Introduction to HPC in MATLAB
Overview
Teaching: 30 min
Exercises: 0 minQuestions
What is High-Performance Computing (HPC)?
What are the different options for HPC in MATLAB?
Objectives
Understand what High-Performance Computing is.
A brief overview different types of HPC techniques available to MATLAB users.
MATLAB
MATLAB is a multi-paradigm numerical computing platform for scientific computing, and is also a high-level programming language.
MATLAB offers support for linear algebra (Matrices and Vectors), function evaluations, plotting and visualisation, and symbolic computations for mathematical expressions.
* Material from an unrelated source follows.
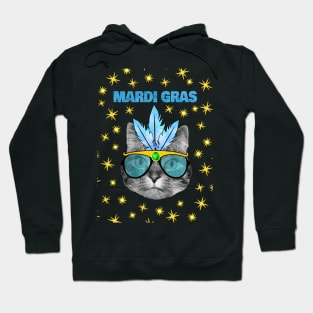 Mardi Gras Blue Cat Hoodie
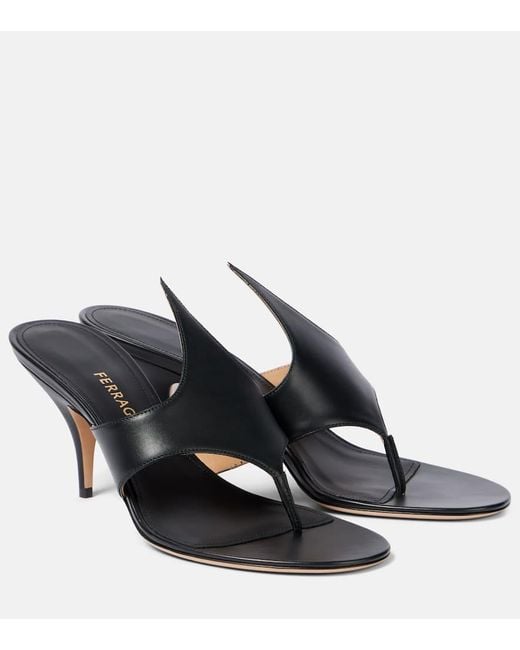 Ferragamo Black Sandalen Lyrai Aus Leder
Unlike C, C++ and Fortran, MATLAB is an interpreted language similar to Python. This means that programs written in MATLAB can be executed directly without the need for compiling them. Therefore, MATLAB is relatively easy to learn and use compared to compiled languages C, C++ and Fortran. However, the price one has to pay for this functionality is the slowness of computations. MATLAB is at least an order of magnitude slower than the programs written in C, C++ and Fortran. Nevertheless, MATLAB supports linking of C/C++ and Fortran codes with MATLAB code, if one is interested in replacing computing-intensive routines with C++ or Fortran programs.
Scope of this lesson
The main objective of this lesson is to learn how we can harness the computing power in High-Performance Computers using MATLAB. In this workshop we will focus on the techniques that help run MATLAB programs efficiently and effectively using command line interface and High-Performance Computing (HPC) resources. This material is aimed at problems that are computationally so demanding that each simulation runs for days on personal computers.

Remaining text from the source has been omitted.